I have watched the videos several times relating to anchor boxes, yet I can’t really grasp the concept. I understand that anchor boxes have the objective of detecting multiple objects in an yolo box. I also understand that the output is [Pc, Bx, By, Bw, Bh C1, C2, C3, Pc, Bx, By, Bw, Bh C1, C2, C3] If there is two anchor boxes.
However what I am confused about is why can’t yolo just output [Pc, Bx, By, Bw, Bh C1, C2, C3] for every class and therefore be able to tell all the objects in a yolo box.
Any insight would be greatly appreciated
Let me rephrase the objective of YOLO at first. YOLO is the object recognition application.
So, expected output is a combination of a bounding box (square around an object) and an object type.
There are multiple steps to generate final outputs, which are multiple bounding boxes and object type for each.
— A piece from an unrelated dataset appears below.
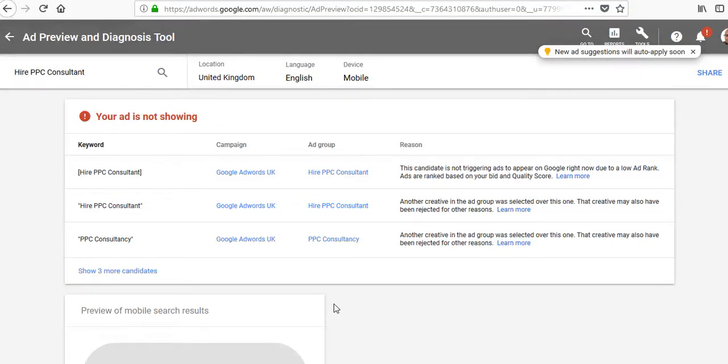Now, there are times when you'll find your ads are not coming up on Google when you go over to google.com or .co.uk to do a search.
Convolutional network creates feature maps. - A feature map includes multiple candidates based on anchor boxes. In here, one object may be included in multiple anchor boxes. And, object type (class) is not finalized yet. This is what you wrote as a YOLO output. b_x, b_y, b_w, b_h are the size/shape of an anchor box, and c_1, c_2, c_3,...c_n show the probabilities for each types that are in this particular anchor box. For example, c_1 represents “person”, c_2 represents “bicycle”, c_3 represents “car”, and so on. And, outputs are, c_1=0.1, c_2=0.01, c_3=0.8, c_4=0,. In here, this anchor box is most likely representing a “car”. But, again, everything is not finalized, since one object may be included in multiple anchor boxes. This is what you wrote as “output”.
Then, YOLO head starts classification (what type it is) and localization (where it is). One object, say “car”, may be included in multiple anchor boxes. By applying “Non-Maximum Suppression”, YOLO starts to merge anchor boxes, and, finally creates “one bounding box” for “one object (class)”.
So, final outputs from YOLO is multiple bonding boxes with a single class information in one bounding box.
Hope this clarify what YOLO is doing. Then, if you have further questions, please free to post any.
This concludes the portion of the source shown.